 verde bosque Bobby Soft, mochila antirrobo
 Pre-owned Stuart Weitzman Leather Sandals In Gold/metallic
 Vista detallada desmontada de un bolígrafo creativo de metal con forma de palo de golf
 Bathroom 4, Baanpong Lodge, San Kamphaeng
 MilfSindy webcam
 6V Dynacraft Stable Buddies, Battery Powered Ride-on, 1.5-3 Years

---

## What to produce
Every line from the one containing "Bathroom 4, Baanpong Lodge, San Kamphaeng" through the final line of the data above is to be restated word for word, and nothing more.

## Exercise solution
 Bathroom 4, Baanpong Lodge, San Kamphaeng
 MilfSindy webcam
 6V Dynacraft Stable Buddies, Battery Powered Ride-on, 1.5-3 Years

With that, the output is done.